What is the magnitude of the resultant vec-
tor k~F k, where ~F = ~ F1 + ~ F2 + ~ F3 ? Draw the
vectors to scale on a graph to determine the
answer.
Answer in units of N Your answer must be
within ± 5.0%
To find the magnitude of the resultant vector k~F k, we need to add the three force vectors ~F1, ~F2, and ~F3, and then find the magnitude of the resultant vector.

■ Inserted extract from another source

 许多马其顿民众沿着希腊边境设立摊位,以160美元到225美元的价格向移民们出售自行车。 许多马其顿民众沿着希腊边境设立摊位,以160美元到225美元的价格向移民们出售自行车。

First, let's find the components of each force vector using the given magnitude and direction:
For ~F1 with a magnitude of 43 N and direction 53 degrees:
Fx1 = 43 N * cos(53°)
Fy1 = 43 N * sin(53°)
For ~F2 with a magnitude of 94 N and direction 162 degrees:
Fx2 = 94 N * cos(162°)
Fy2 = 94 N * sin(162°)
For ~F3 with a magnitude of 59 N and direction 288 degrees:
Fx3 = 59 N * cos(288°)
Fy3 = 59 N * sin(288°)
Next, let's calculate the sum of the x-components and y-components of the force vectors:
Fxtotal = Fx1 + Fx2 + Fx3
Fytotal = Fy1 + Fy2 + Fy3
Now, we can find the magnitude of the resultant vector using the formula:
k~F k = sqrt(Fxtotal^2 + Fytotal^2)
Finally, let's calculate the magnitude of the resultant vector:
k~F k = sqrt((Fxtotal)^2 + (Fytotal)^2)
Now, we can plug in the values:
k~F k = sqrt((Fxtotal)^2 + (Fytotal)^2)
After performing the calculations, we can find the magnitude of the resultant vector.